In 1811 Brocchi produced a valuable essay entitled Memoria mineralogica sulla Valle di Fassa in Tirolo; but his most important work is the Conchiologia fossile subapennina con osservazioni geologiche sugli Apennini, e sul suolo adiacente (2 vols., Milan, 1814), containing accurate details of the structure of the Apennine range, and an account of the fossils of the Italian Tertiary strata compared with existing species. These subjects were further illustrated by his geognostic map, and his Catalogo ragionato di una raccolta di rocce, disposto con ordine geografico, per servire alla geognosia dell' Italia (Milan, 1817). His work Dello stato fisico del suolo di Rome (1820), with its accompanying map, is likewise noteworthy. In it he corrected the erroneous views of Scipione Breislak, who conceived that Rome occupies the site of a volcano, to which he ascribed the volcanic materials that cover the seven hills. Brocchi pointed out that these materials were derived either from Mont Albano, an extinct volcano, twelve miles from the city, or from Mont Cimini, still farther to the north.

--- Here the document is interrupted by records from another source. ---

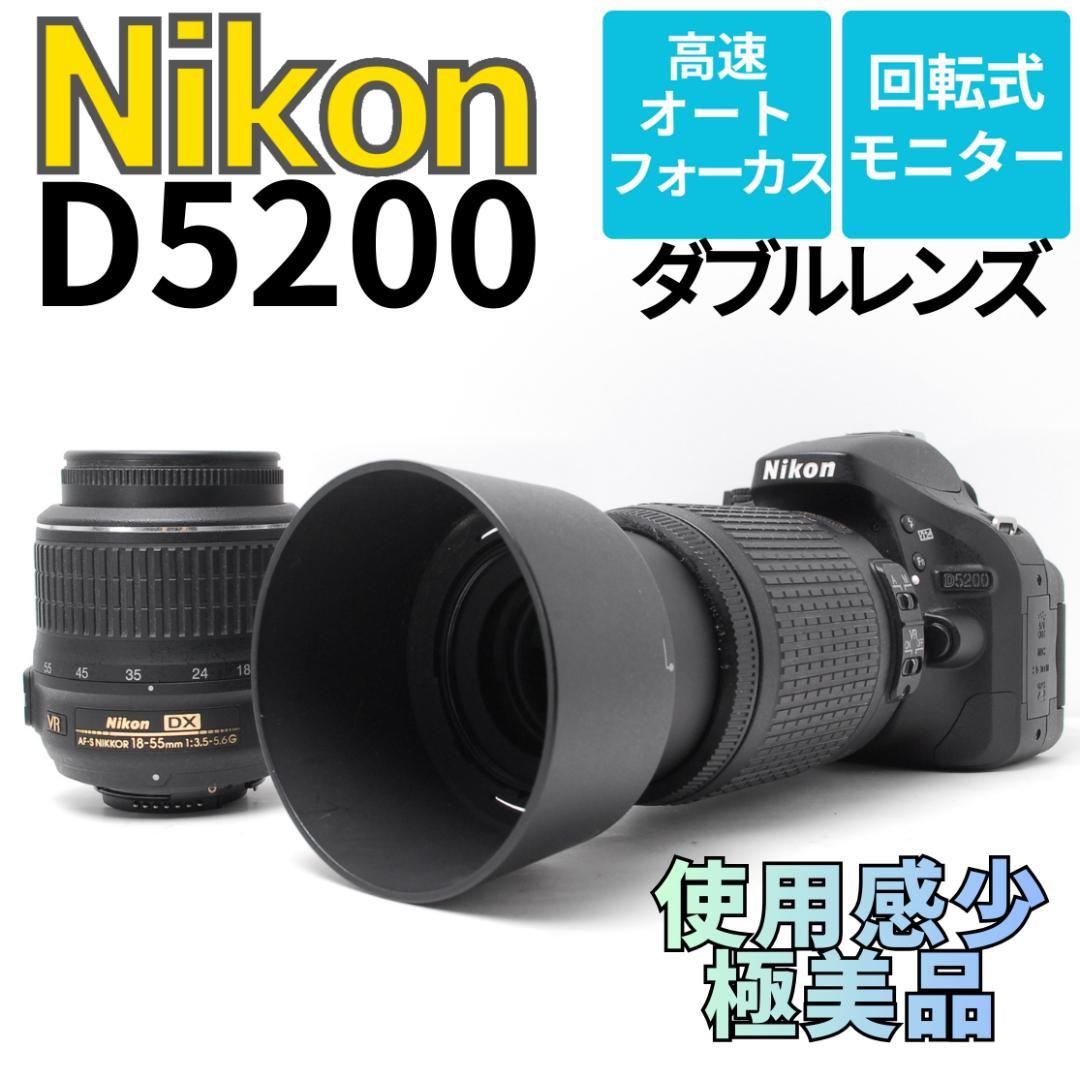 ◆新品級ショット数◆Nikon D5200　スマホ転送　お得なダブルレンズセット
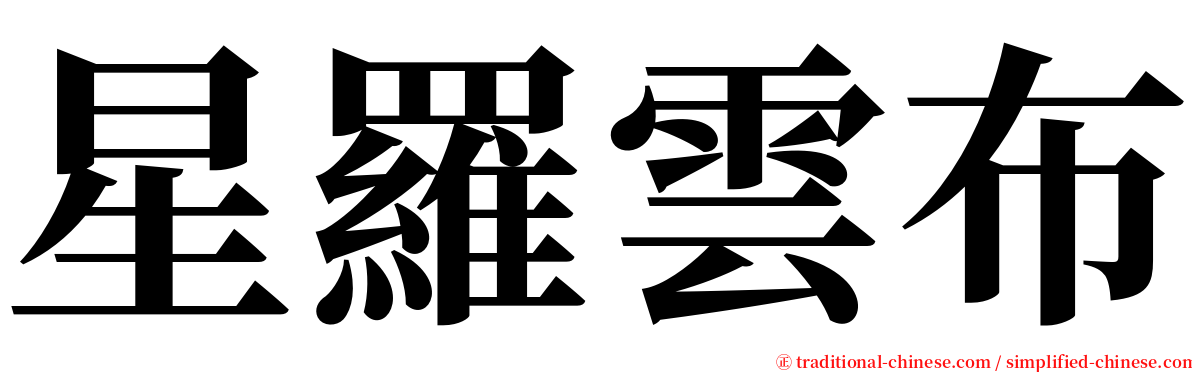 星羅雲布 serif font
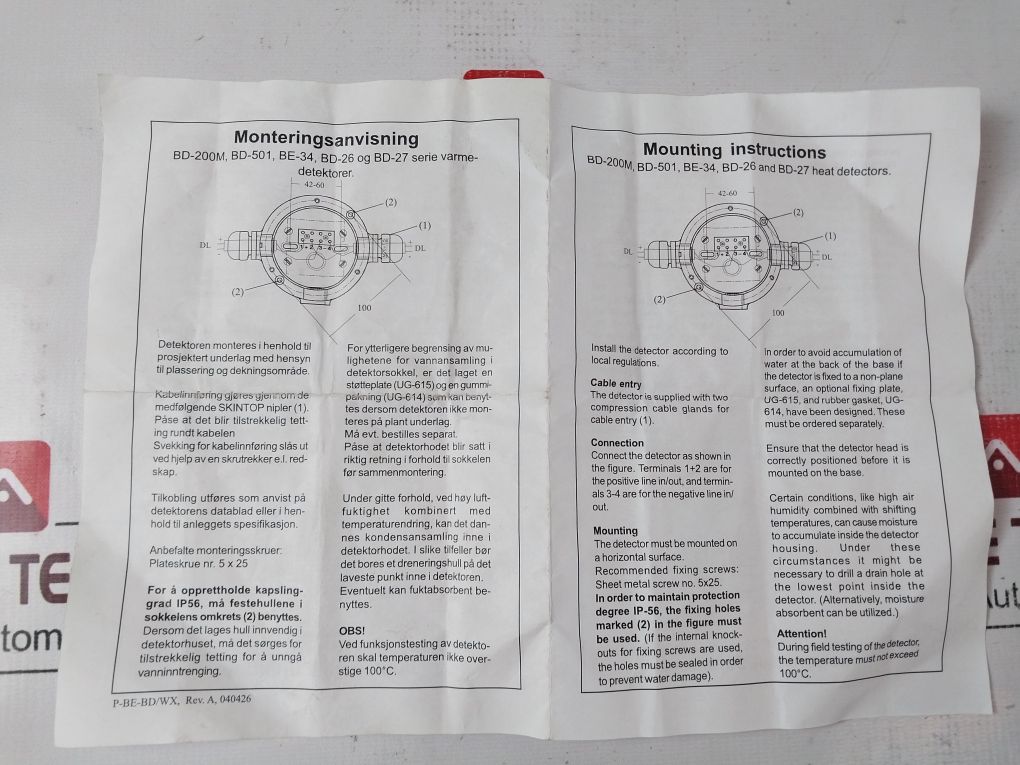 Autronica Bd-501/Ex Heat Detector Free Shipping By Express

Several papers by him, on mineralogical subjects, appeared in the Biblioteca Italiana from 1816 to 1823. In the latter year, Brocchi sailed for Egypt, in order to explore the geology of that country and report on its mineral resources. Every facility was granted by Mehemet Ali, who in 1825 appointed him one of a commission to examine the territory of the recently conquered Kingdom of Sennar; but Brocchi, unfortunately for science, fell a victim to the climate, and died at Khartoum.